This couldn't have been pulled off if not for the exquisite acting of the cast.
It is possibly one of the best "unreliable narrator" stories I've seen on film. It's a hard concept to do in a movie without resorting to a lot of kafka-esque dream-like sequences, and although there are definite hallucinatory aspects to the story, it mostly sticks in what APPEARS to be a linear narrative. It's only as the story evolves that you realize you probably can't trust anything you're seeing as you vacillate back and forth between one perspective of reality and another. You are led moment by moment to draw conclusions that can't really be made. There are many moments that make you realize that everything preceding them probably didn't happen, or only vaguely happened. You want to "figure it out" and you think you are being given clues, but they are merely breadcrumbs cast on water and dissipate as soon as they land.
We are led to distrust one character as his behavior is so inconsistent, but is it?
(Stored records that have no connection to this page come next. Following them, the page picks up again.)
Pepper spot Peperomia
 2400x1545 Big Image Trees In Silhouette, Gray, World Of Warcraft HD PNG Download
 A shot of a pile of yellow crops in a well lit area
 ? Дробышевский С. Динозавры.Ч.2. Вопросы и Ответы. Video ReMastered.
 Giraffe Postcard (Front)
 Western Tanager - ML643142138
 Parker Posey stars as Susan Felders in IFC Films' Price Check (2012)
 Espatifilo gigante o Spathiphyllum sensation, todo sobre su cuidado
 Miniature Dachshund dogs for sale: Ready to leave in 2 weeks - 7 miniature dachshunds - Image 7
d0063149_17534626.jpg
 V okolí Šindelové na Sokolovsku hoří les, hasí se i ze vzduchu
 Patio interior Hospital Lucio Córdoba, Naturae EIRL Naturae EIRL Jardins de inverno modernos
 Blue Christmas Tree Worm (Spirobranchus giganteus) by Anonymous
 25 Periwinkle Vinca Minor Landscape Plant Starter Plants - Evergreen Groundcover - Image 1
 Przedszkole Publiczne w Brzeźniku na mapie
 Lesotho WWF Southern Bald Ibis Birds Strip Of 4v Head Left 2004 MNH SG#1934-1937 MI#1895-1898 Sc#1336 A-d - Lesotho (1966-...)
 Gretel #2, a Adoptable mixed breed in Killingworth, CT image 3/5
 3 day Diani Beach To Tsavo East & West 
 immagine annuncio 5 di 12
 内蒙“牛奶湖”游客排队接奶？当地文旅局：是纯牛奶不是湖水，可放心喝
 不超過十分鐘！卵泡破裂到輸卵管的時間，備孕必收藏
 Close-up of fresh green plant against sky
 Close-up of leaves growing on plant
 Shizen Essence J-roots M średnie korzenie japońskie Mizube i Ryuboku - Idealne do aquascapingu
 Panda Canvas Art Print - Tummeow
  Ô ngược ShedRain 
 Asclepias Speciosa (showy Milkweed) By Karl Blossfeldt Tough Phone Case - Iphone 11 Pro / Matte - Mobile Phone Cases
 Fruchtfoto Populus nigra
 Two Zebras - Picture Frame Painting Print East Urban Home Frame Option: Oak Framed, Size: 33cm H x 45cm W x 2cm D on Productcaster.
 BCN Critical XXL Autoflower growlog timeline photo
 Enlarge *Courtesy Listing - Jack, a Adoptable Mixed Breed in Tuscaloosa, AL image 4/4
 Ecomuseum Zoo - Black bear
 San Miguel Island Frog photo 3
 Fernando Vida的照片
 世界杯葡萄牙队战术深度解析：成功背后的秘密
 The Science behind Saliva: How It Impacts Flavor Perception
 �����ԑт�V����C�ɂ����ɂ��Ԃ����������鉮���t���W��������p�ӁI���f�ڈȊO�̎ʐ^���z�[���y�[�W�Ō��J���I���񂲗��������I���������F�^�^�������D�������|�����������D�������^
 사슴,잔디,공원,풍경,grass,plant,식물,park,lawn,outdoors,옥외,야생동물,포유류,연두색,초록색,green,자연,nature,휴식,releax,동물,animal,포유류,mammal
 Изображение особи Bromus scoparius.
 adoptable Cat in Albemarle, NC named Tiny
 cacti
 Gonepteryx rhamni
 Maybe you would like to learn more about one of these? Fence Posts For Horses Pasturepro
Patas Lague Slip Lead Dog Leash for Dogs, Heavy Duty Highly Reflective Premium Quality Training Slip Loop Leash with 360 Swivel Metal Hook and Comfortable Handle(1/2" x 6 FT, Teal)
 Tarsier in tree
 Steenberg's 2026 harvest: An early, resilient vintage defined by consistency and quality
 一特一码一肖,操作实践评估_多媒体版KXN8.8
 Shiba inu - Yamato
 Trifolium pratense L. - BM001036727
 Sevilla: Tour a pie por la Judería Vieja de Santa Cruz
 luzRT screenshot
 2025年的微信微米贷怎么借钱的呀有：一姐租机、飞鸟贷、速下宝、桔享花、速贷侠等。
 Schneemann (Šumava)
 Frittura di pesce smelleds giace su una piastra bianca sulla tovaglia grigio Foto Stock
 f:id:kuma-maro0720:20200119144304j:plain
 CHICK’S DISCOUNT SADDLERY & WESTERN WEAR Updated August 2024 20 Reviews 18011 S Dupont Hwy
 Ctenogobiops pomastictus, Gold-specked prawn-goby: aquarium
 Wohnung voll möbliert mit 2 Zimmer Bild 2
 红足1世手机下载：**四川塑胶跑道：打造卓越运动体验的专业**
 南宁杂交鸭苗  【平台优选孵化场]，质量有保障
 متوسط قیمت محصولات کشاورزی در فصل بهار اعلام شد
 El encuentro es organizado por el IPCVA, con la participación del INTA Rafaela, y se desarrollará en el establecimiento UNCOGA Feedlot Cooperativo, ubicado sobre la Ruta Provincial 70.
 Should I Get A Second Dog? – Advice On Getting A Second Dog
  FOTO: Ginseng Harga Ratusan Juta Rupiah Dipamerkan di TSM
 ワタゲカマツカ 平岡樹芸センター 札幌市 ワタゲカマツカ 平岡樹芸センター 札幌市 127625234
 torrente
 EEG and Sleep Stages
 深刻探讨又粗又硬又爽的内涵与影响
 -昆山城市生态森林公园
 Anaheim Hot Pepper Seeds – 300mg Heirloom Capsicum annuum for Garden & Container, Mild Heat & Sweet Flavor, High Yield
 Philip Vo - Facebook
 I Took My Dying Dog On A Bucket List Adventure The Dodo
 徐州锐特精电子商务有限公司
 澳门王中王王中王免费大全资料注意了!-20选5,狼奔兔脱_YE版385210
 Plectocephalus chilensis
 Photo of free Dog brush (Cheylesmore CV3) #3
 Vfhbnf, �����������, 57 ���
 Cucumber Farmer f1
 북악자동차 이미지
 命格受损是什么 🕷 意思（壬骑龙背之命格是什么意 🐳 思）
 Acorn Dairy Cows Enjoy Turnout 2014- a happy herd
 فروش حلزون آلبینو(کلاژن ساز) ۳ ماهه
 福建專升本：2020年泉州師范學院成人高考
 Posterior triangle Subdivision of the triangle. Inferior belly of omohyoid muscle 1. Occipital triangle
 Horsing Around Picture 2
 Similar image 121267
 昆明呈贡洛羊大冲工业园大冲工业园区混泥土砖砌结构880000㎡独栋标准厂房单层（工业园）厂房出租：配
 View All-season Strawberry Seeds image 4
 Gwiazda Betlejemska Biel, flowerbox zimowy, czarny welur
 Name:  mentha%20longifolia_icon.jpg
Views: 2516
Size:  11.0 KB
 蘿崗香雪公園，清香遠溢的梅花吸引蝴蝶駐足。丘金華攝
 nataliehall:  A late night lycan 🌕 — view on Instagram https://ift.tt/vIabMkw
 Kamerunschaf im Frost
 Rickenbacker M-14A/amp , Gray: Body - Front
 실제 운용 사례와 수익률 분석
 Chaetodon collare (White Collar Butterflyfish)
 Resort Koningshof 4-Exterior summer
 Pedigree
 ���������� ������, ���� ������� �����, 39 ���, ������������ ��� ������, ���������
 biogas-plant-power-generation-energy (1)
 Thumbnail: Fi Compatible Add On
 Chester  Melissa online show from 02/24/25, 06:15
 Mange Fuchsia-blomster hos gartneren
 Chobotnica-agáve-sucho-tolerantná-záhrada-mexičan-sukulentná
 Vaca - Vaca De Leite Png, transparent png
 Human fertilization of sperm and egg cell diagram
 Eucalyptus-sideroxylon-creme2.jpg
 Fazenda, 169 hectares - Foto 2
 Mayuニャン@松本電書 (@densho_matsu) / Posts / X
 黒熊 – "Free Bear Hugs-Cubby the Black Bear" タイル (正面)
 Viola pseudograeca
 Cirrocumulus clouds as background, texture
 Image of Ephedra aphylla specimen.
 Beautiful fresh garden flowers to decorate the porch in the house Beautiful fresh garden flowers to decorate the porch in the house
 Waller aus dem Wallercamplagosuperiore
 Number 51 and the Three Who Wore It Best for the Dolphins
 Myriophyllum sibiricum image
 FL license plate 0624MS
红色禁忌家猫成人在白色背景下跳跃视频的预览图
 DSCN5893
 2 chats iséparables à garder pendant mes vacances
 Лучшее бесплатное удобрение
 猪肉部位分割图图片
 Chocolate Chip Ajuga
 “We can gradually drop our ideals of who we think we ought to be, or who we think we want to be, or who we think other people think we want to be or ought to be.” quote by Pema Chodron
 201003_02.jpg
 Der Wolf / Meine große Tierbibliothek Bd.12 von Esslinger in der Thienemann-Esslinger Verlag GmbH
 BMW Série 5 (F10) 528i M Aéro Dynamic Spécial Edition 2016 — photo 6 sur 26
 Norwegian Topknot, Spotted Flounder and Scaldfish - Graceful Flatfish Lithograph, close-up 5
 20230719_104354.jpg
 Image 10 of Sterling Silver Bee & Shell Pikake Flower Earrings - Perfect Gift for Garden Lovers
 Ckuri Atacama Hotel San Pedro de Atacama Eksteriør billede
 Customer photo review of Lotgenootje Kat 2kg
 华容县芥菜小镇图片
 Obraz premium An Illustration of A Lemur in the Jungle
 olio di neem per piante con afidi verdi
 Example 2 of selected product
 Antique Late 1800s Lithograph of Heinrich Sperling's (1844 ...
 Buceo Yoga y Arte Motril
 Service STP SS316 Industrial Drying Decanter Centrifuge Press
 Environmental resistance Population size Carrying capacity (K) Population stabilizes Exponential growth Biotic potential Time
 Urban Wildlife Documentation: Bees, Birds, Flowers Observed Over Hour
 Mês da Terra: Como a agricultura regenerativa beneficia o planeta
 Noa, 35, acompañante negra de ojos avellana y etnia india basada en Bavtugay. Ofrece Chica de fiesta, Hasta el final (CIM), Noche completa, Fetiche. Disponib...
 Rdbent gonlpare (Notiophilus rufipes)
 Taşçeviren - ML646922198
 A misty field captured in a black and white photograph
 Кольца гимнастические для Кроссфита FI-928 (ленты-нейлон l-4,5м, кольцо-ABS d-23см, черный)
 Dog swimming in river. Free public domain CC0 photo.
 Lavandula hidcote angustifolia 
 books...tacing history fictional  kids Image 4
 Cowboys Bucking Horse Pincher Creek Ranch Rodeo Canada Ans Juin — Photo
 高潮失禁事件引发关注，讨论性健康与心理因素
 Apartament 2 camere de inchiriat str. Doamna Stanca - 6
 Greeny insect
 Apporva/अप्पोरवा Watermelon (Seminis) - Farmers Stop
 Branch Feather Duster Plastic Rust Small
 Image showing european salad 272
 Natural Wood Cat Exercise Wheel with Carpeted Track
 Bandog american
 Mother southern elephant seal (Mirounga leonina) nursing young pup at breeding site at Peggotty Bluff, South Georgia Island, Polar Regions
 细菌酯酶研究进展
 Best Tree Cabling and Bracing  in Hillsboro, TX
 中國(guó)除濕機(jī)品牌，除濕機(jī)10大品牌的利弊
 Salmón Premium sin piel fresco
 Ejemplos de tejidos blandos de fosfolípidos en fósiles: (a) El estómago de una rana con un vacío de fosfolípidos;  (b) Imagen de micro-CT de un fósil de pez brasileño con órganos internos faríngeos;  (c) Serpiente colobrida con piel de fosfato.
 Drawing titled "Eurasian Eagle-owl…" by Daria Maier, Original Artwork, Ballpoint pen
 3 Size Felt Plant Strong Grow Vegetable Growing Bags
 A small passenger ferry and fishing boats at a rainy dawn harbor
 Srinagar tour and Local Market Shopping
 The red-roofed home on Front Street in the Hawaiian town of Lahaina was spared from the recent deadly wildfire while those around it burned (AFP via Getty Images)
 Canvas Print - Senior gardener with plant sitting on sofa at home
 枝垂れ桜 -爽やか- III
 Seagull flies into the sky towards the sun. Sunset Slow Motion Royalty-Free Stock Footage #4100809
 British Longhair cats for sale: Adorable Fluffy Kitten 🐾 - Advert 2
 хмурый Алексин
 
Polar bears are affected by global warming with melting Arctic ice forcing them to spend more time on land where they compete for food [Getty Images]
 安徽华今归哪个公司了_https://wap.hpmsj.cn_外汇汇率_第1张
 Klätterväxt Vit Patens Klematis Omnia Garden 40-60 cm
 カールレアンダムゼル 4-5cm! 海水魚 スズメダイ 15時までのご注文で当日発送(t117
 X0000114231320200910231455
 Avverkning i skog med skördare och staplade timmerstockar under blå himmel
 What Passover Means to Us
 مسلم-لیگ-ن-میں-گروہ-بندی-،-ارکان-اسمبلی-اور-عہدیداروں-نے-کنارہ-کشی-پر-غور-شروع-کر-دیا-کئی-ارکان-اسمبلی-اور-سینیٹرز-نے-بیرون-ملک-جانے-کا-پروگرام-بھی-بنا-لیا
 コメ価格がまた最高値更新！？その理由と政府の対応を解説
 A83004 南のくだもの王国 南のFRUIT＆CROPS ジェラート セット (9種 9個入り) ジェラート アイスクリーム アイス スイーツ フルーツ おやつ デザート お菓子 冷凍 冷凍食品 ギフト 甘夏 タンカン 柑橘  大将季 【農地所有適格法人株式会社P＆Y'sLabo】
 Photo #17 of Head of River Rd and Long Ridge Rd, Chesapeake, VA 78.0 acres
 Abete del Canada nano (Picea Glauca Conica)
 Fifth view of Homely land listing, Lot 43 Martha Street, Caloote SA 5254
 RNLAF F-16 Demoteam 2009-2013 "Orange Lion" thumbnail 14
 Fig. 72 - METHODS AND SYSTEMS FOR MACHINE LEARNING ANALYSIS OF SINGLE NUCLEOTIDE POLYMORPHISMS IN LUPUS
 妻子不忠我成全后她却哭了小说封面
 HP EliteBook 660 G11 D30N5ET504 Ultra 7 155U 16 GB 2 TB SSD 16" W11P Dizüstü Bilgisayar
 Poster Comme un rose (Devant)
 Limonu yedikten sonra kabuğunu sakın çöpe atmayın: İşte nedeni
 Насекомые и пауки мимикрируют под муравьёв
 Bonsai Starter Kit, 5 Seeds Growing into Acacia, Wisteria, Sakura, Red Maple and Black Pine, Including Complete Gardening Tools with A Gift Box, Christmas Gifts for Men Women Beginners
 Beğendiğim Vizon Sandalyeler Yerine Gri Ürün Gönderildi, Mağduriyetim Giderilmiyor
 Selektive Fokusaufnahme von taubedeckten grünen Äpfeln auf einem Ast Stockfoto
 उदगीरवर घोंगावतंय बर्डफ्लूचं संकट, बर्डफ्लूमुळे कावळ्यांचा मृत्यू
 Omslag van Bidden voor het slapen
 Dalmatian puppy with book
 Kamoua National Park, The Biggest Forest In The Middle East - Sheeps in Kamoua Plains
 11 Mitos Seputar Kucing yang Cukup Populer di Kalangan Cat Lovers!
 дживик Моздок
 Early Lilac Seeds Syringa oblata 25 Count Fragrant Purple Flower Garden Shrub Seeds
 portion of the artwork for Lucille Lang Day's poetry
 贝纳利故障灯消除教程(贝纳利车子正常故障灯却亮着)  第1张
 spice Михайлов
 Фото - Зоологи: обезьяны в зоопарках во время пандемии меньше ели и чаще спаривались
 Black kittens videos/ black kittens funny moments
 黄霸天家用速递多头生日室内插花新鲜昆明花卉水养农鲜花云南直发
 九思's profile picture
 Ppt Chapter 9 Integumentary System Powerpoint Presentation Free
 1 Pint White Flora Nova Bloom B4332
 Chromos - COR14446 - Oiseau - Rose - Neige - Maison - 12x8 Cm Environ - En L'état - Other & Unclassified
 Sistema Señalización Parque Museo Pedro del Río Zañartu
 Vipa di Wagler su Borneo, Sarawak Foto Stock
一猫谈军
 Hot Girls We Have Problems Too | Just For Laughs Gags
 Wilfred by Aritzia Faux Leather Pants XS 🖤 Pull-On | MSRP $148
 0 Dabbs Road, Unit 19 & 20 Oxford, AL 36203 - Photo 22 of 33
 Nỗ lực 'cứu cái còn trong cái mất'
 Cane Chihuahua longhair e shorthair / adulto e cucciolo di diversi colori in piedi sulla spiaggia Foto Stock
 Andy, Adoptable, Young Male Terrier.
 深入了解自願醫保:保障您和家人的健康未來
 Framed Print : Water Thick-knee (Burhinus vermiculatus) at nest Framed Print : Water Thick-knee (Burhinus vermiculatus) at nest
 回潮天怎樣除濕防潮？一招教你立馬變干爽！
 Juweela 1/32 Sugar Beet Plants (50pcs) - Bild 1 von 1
Or is her grasp on reality inconsistent? The actor perfectly nails this dual nature, embodying two different personalities so fully that he is dubious in both.
I am normally not thrilled with a lot of loose ends and unanswered questions, but I think the fact that we are left never knowing what exactly happened is perfect because it places us so squarely in the mind of the protagonist who herself is completely lost. I have my theories of what really happened, which place the quasi-antagonist in a position of being neither wholly innocent nor guilty in the final reckoning, but only the filmmakers know for sure what happened before and during the story. Which is ok, because the protagonist herself doesn't know, and we are firmly entrenched in the quick-sand of her perspective. It isn't important what happened. It is only important how she feels, and we feel it with her.
"How can I believe you?" she asks at one point.
Her husband replies "You never will," with a pain so poignant that you WANT to believe him. Can you? Maybe. But maybe not.
Layered through all of it is a marvelous, sometimes impressionistic and sometimes literal story of colonialism and modern-day racism that adds to the oppressed isolation of the protagonist.
I wanted to stand up and golf clap at the inverted ending.